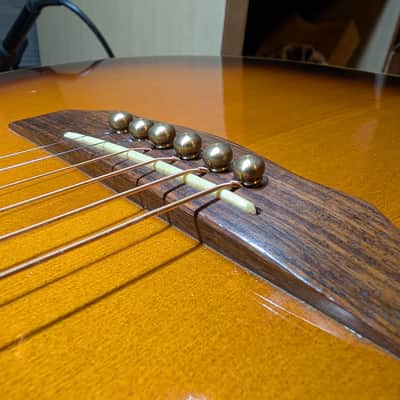 1982 Daion B55E Acoustic Electric Dreadnought Guitar Rare Model MIJ Sunburst image 10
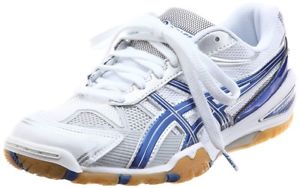 ASICS Japan Attack BLADELYTE 3 Table Tennis Shoes TPA329 White Blue Ping Pong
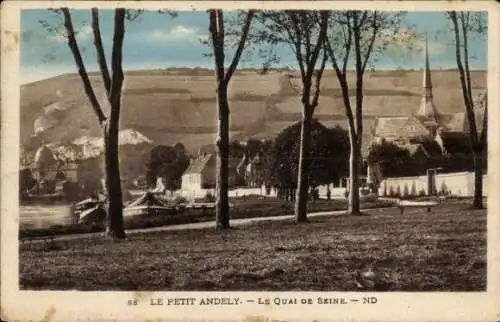 Ak Petit Andely Eure, Quai de Seine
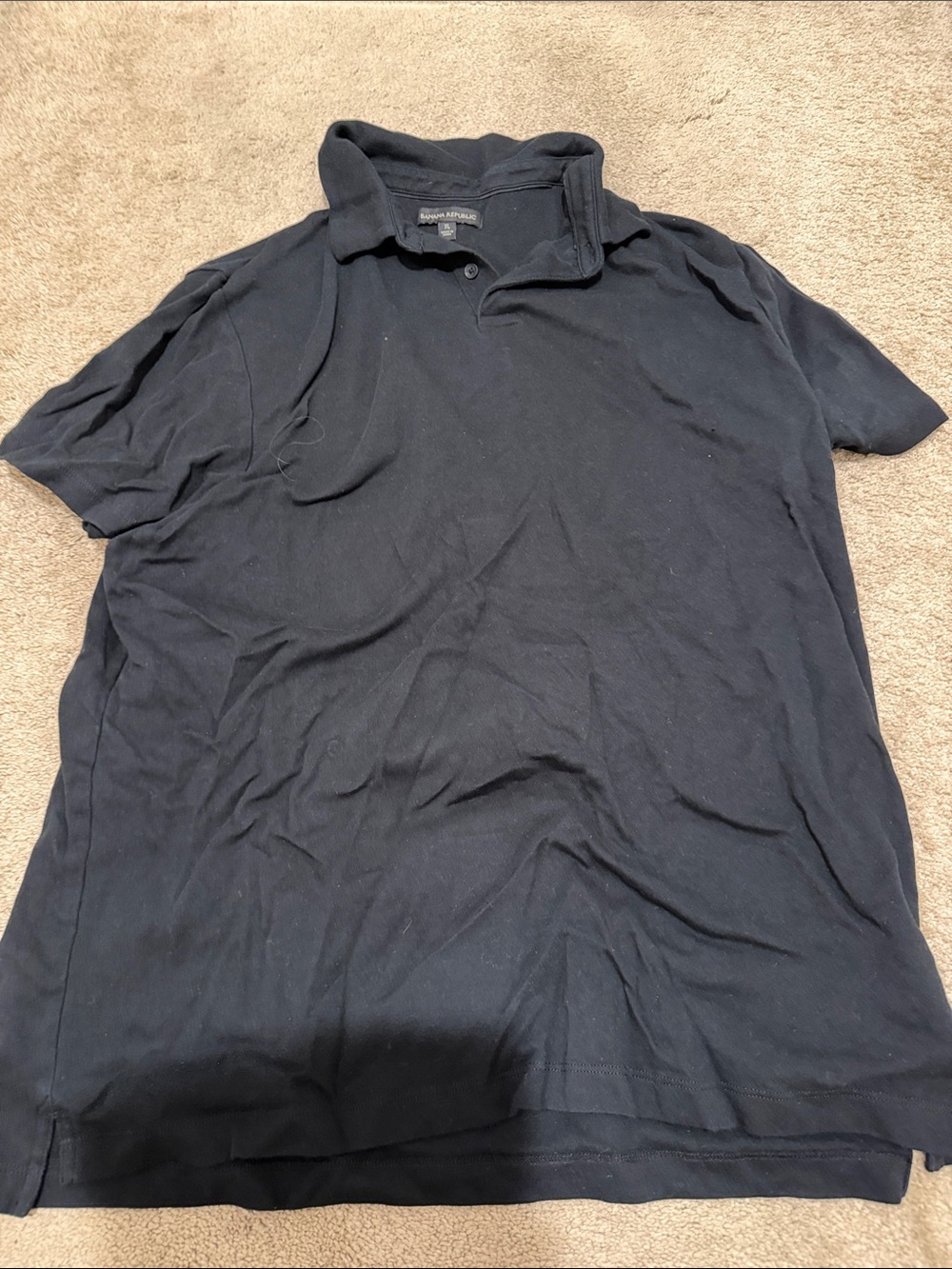 Banana Republic Black Men's Polo Shirt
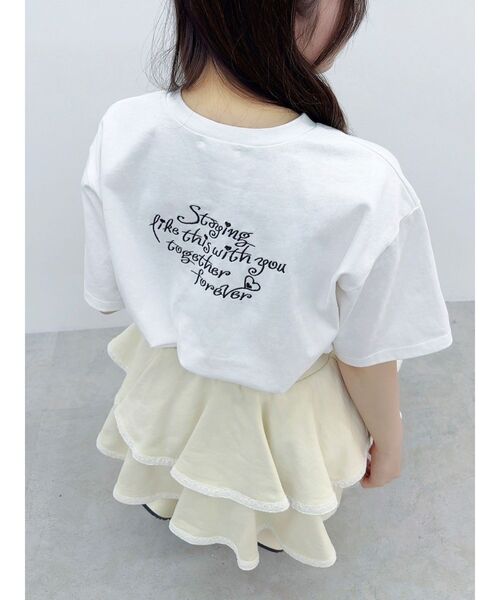 EATME（イートミー）の「エンブロイダリービッグTシャツ（Tシャツ/カットソー・レディース・ブラック/オフホワイト・FREE）」の8枚目の写真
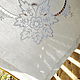 Linen tablecloth 250/140, 220/140 with embroidery surface and earring. Tablecloths. flax&lace. Online shopping on My Livemaster.  Фото №2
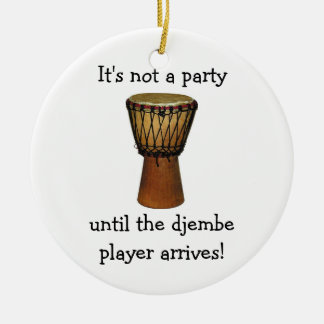DJEMBE-julprydnad Julgransprydnad Keramik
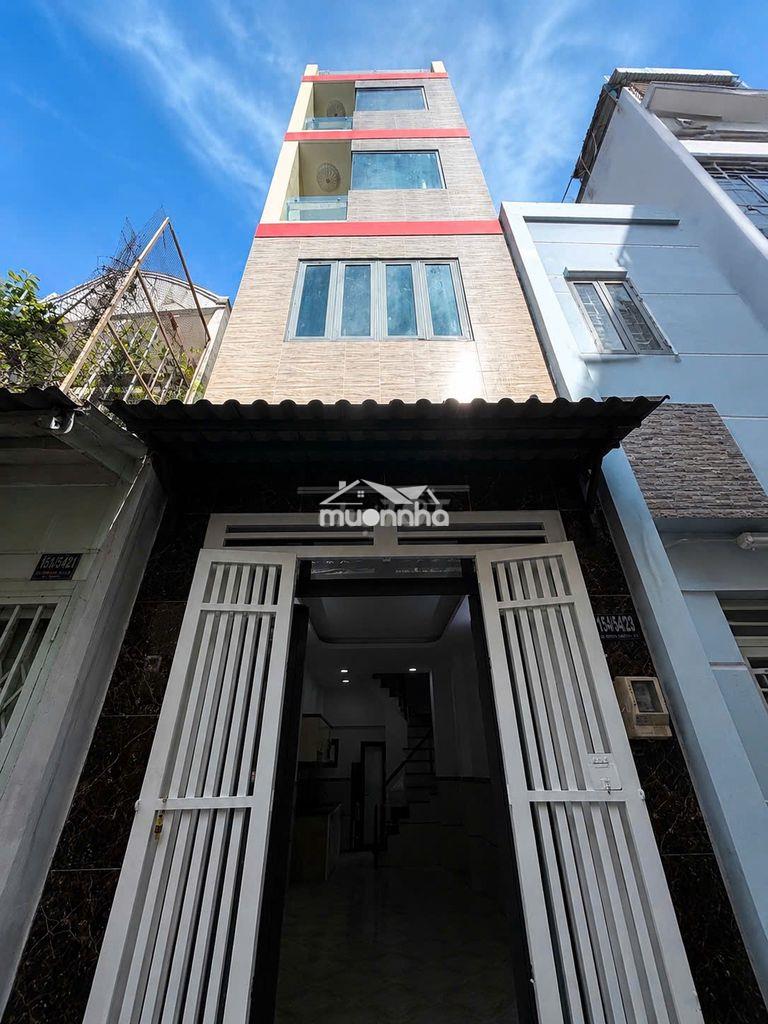Nhà 5 tầng âu dương lân p3 q8 3,2x8,5m 3pn 4wc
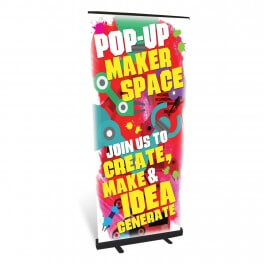 Pop up Makerspace Banner Roll Up Banner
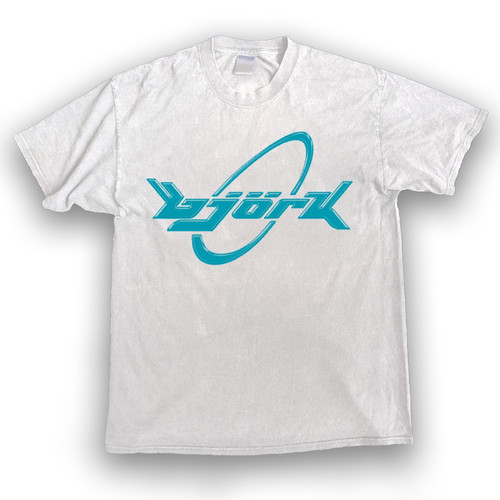 Bjork white tee printed - , on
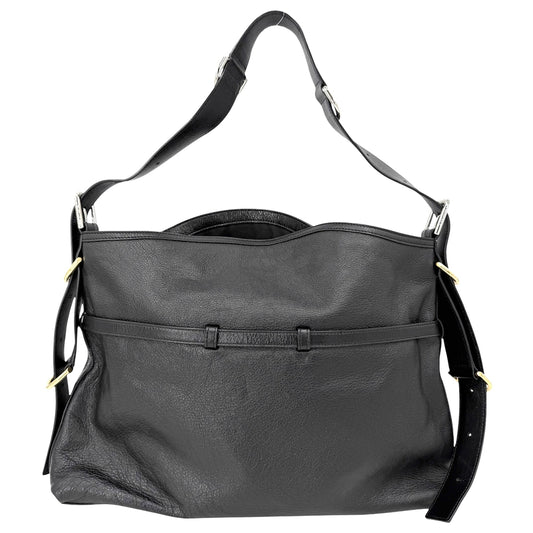 GIVENCHY ジバンシィ ショルダーバッグ ヴォワイユ― ミディアム ハンドバッグ 2WAY ジバンシー レザー ブラック 黒 ゴールド×シルバー金具 レディース【中古品】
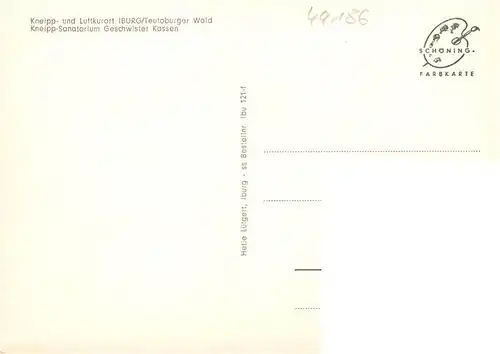 AK / Ansichtskarte  Iburg_Bad Kneipp Sanatorium Geschwister Kassen Iburg_Bad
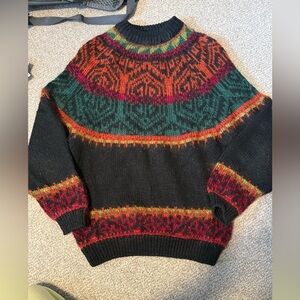 Vintage Hand-Loomed Wool & Wool Mohair LeModa Sweater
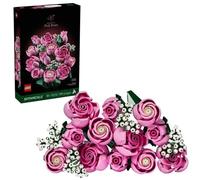 LEGO Botanicals Ramo de Rosas Rosadas - Maquetas para Adultos de Flores Artificiales - 12 Rosas y 4 Ramas de Paniculata Artificial - Decoración Floral del Hogar - Regalo Romántico para Mujeres 10374
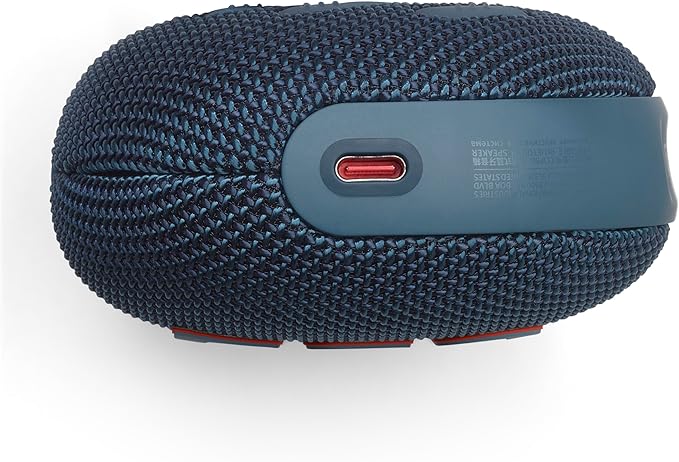 JBL Clip 5 Blue portable waterproof Bluetooth speaker with carabiner – available at Keans Claremorris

======

§ **What you are asked to do**
Repeat the data exactly, excluding the pictures.

§ **Answer box**
 1982 Daion B55E Acoustic Electric Dreadnought Guitar Rare Model MIJ Sunburst image 10
 ASICS Japan Attack BLADELYTE 3 Table Tennis Shoes TPA329 White Blue Ping Pong
 Ak Petit Andely Eure, Quai de Seine
 Banana Republic Black Men's Polo Shirt
 EATME（イートミー）の「エンブロイダリービッグTシャツ（Tシャツ/カットソー・レディース・ブラック/オフホワイト・FREE）」の8枚目の写真
 Linen tablecloth 250/140, 220/140 with embroidery surface and earring. Tablecloths. flax&lace. Online shopping on My Livemaster.  Фото №2
DJEMBE-julprydnad Julgransprydnad Keramik
Nhà 5 tầng âu dương lân p3 q8 3,2x8,5m 3pn 4wc
 Pop up Makerspace Banner Roll Up Banner
 Bjork white tee printed - , on
 GIVENCHY ジバンシィ ショルダーバッグ ヴォワイユ― ミディアム ハンドバッグ 2WAY ジバンシー レザー ブラック 黒 ゴールド×シルバー金具 レディース【中古品】
 AK / Ansichtskarte  Iburg_Bad Kneipp Sanatorium Geschwister Kassen Iburg_Bad
 Vintage Hand-Loomed Wool & Wool Mohair LeModa Sweater
 LEGO Botanicals Ramo de Rosas Rosadas - Maquetas para Adultos de Flores Artificiales - 12 Rosas y 4 Ramas de Paniculata Artificial - Decoración Floral del Hogar - Regalo Romántico para Mujeres 10374
 JBL Clip 5 Blue portable waterproof Bluetooth speaker with carabiner – available at Keans Claremorris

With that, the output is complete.